Issue #4(14) 2017 Astronautics

Enabling private sector success in space - SGAC perspective

Testing of the Made In Space 3D printer involved 400-plus parabolas of microgravity test flights.
Testing of the Made In Space 3D printer involved 400-plus parabolas of microgravity test flights.
Lauren Napier Northumbria University, UK

As we move towards better technology and bigger budgets for space activities, the commercial space industry has an opportunity to grow and develop into something more than just a contractor to governments. The private sector is booming at state and regional levels as a result of public- private partnerships and the beginnings of privately financed activity - but on the international stage it struggles to find a voice because, in no small part, nation-states still dominate international relations and law.
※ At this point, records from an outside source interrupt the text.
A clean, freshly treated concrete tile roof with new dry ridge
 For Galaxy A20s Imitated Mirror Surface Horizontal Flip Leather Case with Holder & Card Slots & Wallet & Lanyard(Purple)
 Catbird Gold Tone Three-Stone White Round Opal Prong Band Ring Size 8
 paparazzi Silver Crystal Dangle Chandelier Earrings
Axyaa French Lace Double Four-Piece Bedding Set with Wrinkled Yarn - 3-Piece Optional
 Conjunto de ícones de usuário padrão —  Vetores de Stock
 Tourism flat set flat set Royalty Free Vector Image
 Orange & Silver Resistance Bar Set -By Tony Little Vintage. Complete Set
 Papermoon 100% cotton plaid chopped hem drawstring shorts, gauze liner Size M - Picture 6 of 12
If the private space sector is to succeed, it will need to foster dialogue with governments which, in turn, will need to find the balance between supporting industry with good policy and avoiding excessive regulation.

The United States’ private space sector is robust and flourishing, not only in its most visible components, with launch service providers like SpaceX and Orbital ATK, but in all facets of space exploration and utilisation.

This is largely due to the approach taken by the US government to support and regulate private investment in space under the Commercial Space Launch Competitiveness Act, wherein launch standards are based on ‘voluntary industry consensus standards’. Progress reports are being submitted to Congress every 30 months until December 2021 when findings will be revisited and fed into future US space policy.

Many private companies in the US rely on government support in the form of grants or contracts and the Act demonstrates a willingness by the US government to allow innovation in the private sector. In particular, NASA is dedicated to entrepreneurship in the private sector through a competitive grants system.